(Data entries)
————
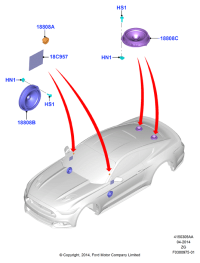 FR3Z18808K-Speaker assy-rh/lh/for front door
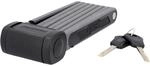 Fischer Faltschloss PROTEC FKS85 Soft-Touch, Fahrradschloss, Faltschloss mit 2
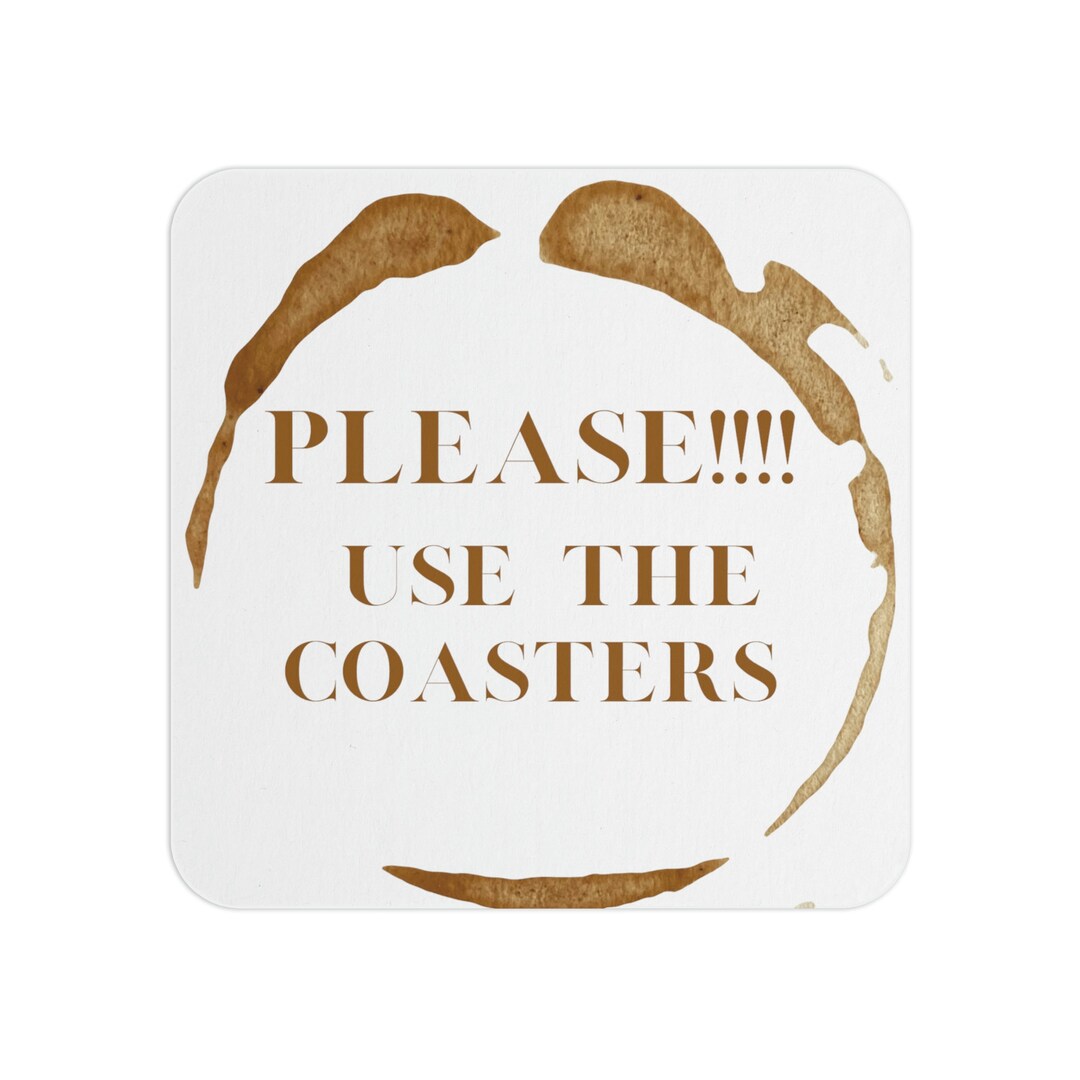 Use the Coasters 50 Pieces Gag Gift, Party Pack, Coffee, Safe the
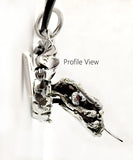 Garnet Eyed 3D Dragon with Dragon Paddle Pendant by Rubini Jewelers
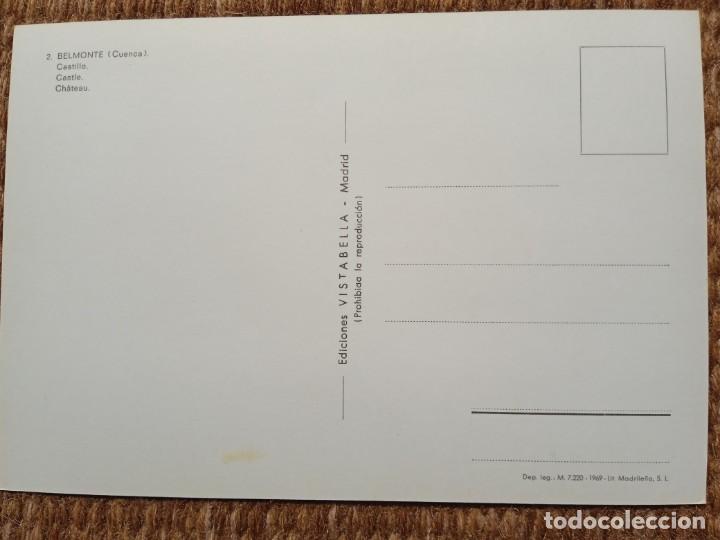 Postales: CASTILLO DE BELMONTE - CUENCA - EDICIONES VISTABELLA - Foto 2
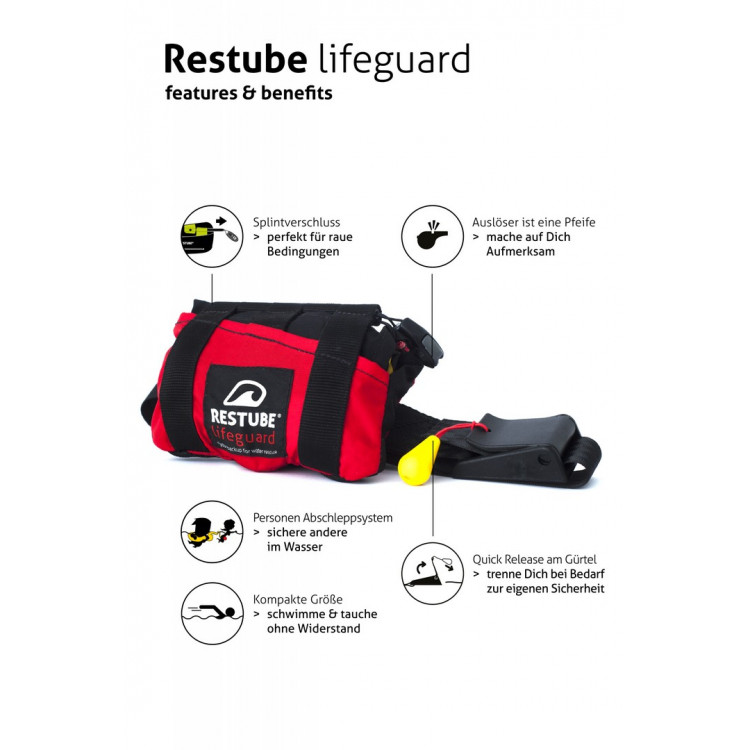 Restube lifeguard
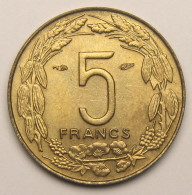 5 Francs Afrique Equatoriale Française, Cameroun, 1958 - Afrique Equatoriale Française (Cameroun)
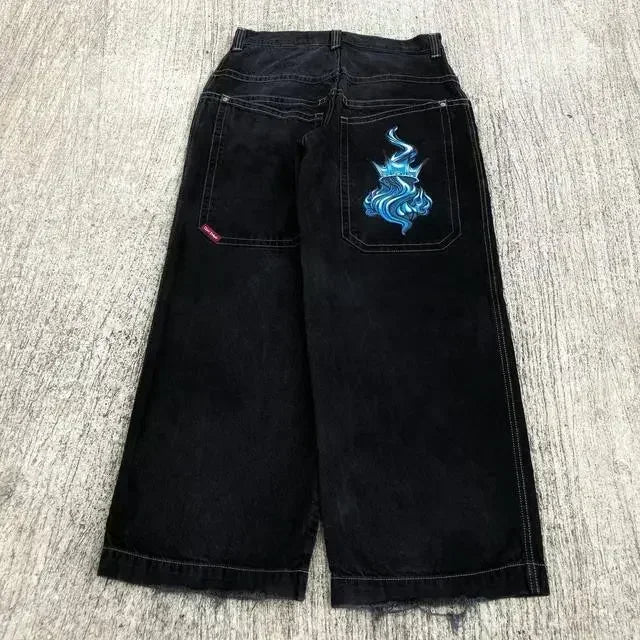 Vintage Anime Custom Print on Jeans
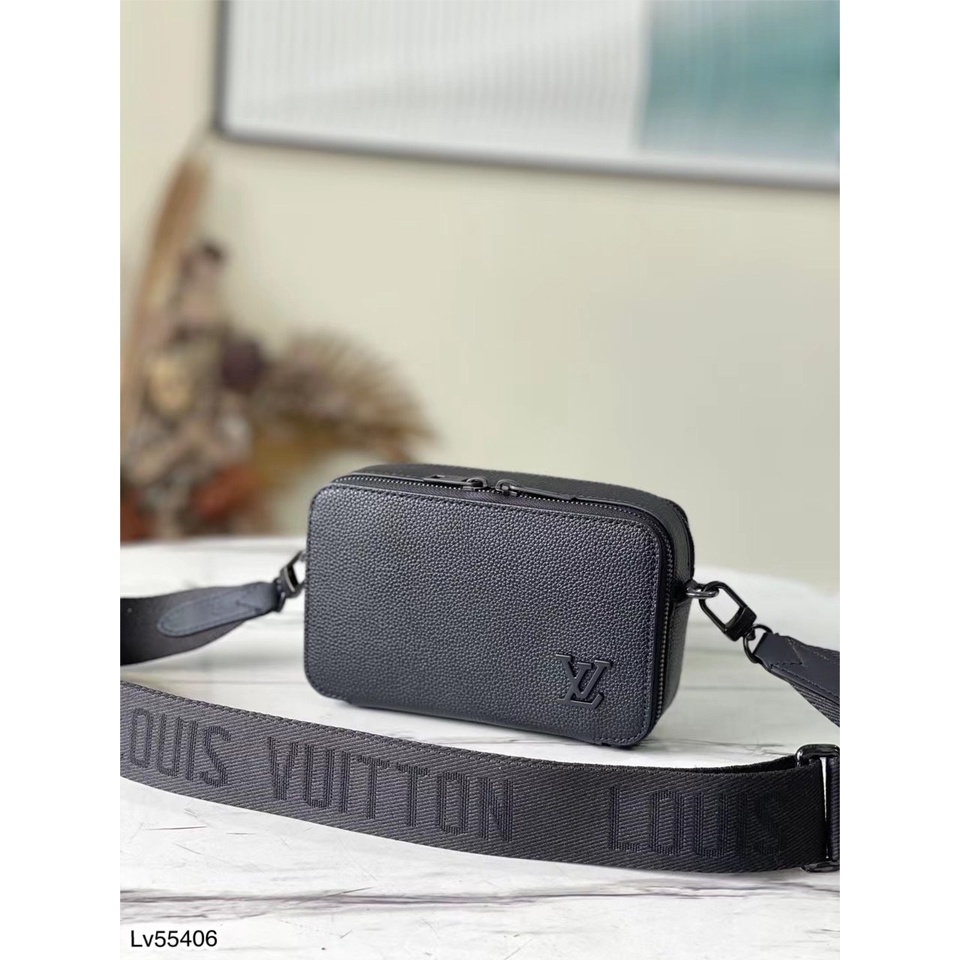 Túi đeo chéo Lv nam size 16 full box cao cấp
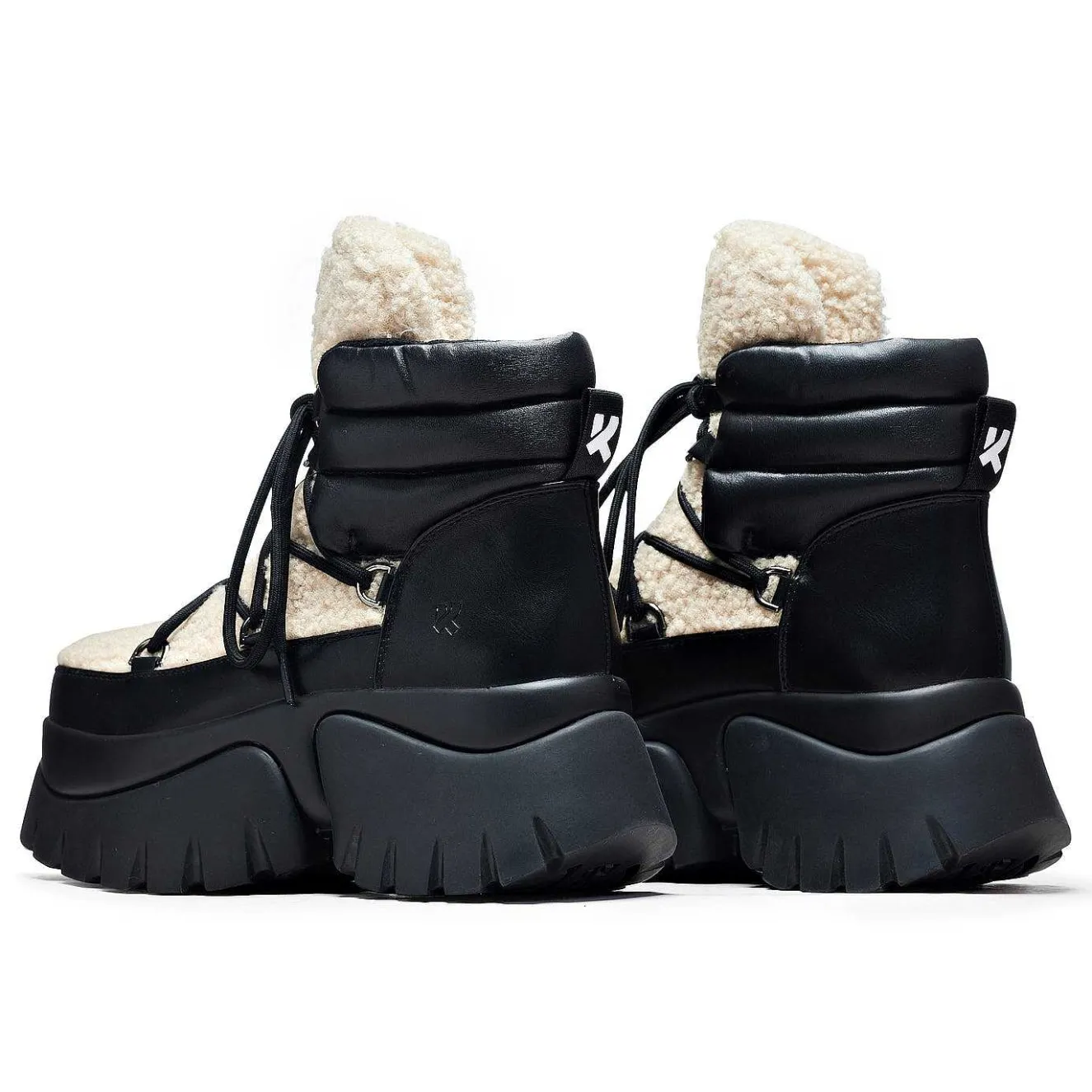 Cream Fluffy Vilun Winter Boots | Snow & Winter Boots |<KOI footwear Best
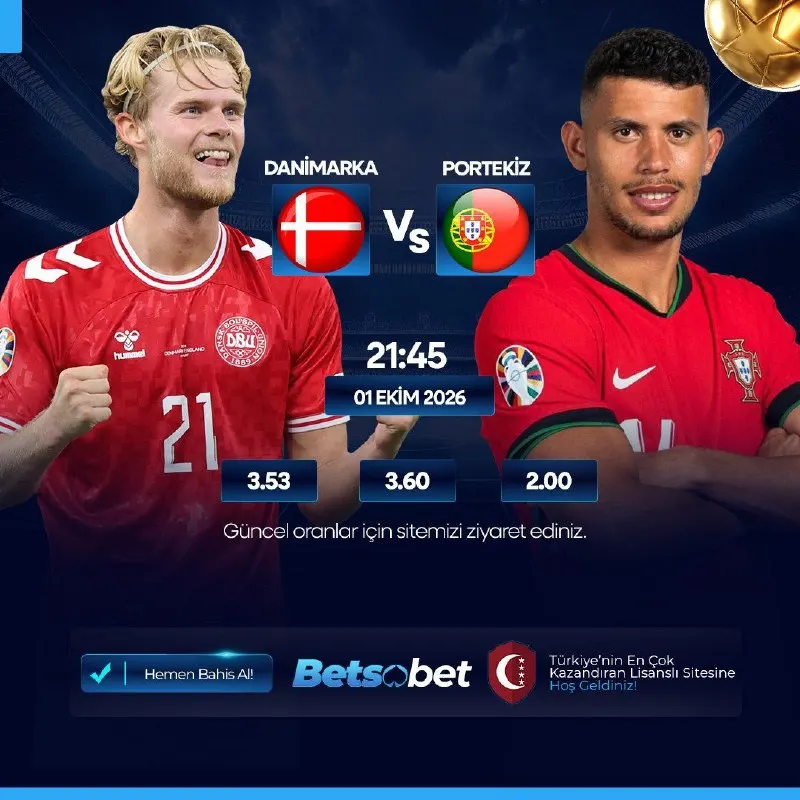 Betsobet Telegram: ⚽️MAÇ HEYECANI BETSOBET'TE YAŞANIR⚽️ ⚡️⚡️⚡️⚡️⚡️⚡️⚡️ 🇩🇰DANİMARKA 🆚PORTEKİZ🇵🇹 ⏰…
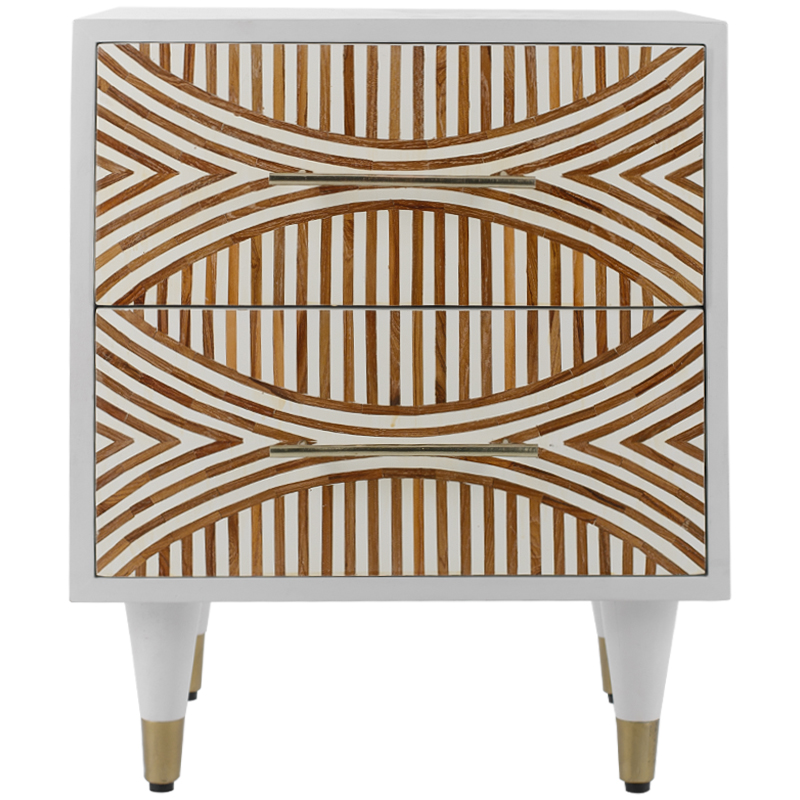 Тумба Arc Bedside Table Белый Коричневый Латунь Тумба Arc Bedside Table Белый Коричневый Латунь в Волгограде | Loft Concept
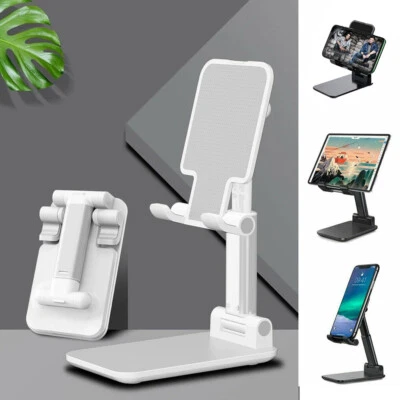 Soporte plegable ajustable para teléfono celular tableta soporte de escritorio iPad iPhone Foto 1 de 4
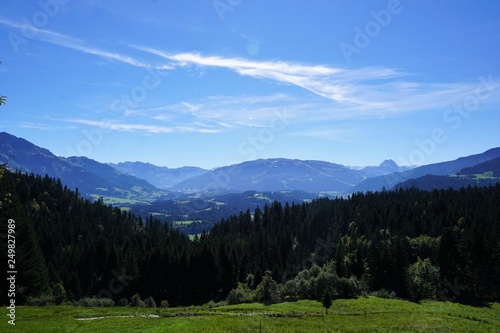 Wilder Kaiser Region in tirol in österreich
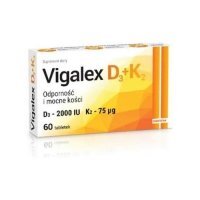 VIGALEX D3 + K2 60 tabletek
————
Could you copy every record exactly, without the pictures?

 FR3Z18808K-Speaker assy-rh/lh/for front door
 Fischer Faltschloss PROTEC FKS85 Soft-Touch, Fahrradschloss, Faltschloss mit 2
 Use the Coasters 50 Pieces Gag Gift, Party Pack, Coffee, Safe the
 Garnet Eyed 3D Dragon with Dragon Paddle Pendant by Rubini Jewelers
 Postales: CASTILLO DE BELMONTE - CUENCA - EDICIONES VISTABELLA - Foto 2
 Restube lifeguard
 5 Francs Afrique Equatoriale Française, Cameroun, 1958 - Afrique Equatoriale Française (Cameroun)
 Vintage Anime Custom Print on Jeans
 Túi đeo chéo Lv nam size 16 full box cao cấp
 Cream Fluffy Vilun Winter Boots | Snow & Winter Boots |<KOI footwear Best
 Betsobet Telegram: ⚽️MAÇ HEYECANI BETSOBET'TE YAŞANIR⚽️ ⚡️⚡️⚡️⚡️⚡️⚡️⚡️ 🇩🇰DANİMARKA 🆚PORTEKİZ🇵🇹 ⏰…
 Тумба Arc Bedside Table Белый Коричневый Латунь Тумба Arc Bedside Table Белый Коричневый Латунь в Волгограде | Loft Concept
 Soporte plegable ajustable para teléfono celular tableta soporte de escritorio iPad iPhone Foto 1 de 4
 Wilder Kaiser Region in tirol in österreich
 VIGALEX D3 + K2 60 tabletek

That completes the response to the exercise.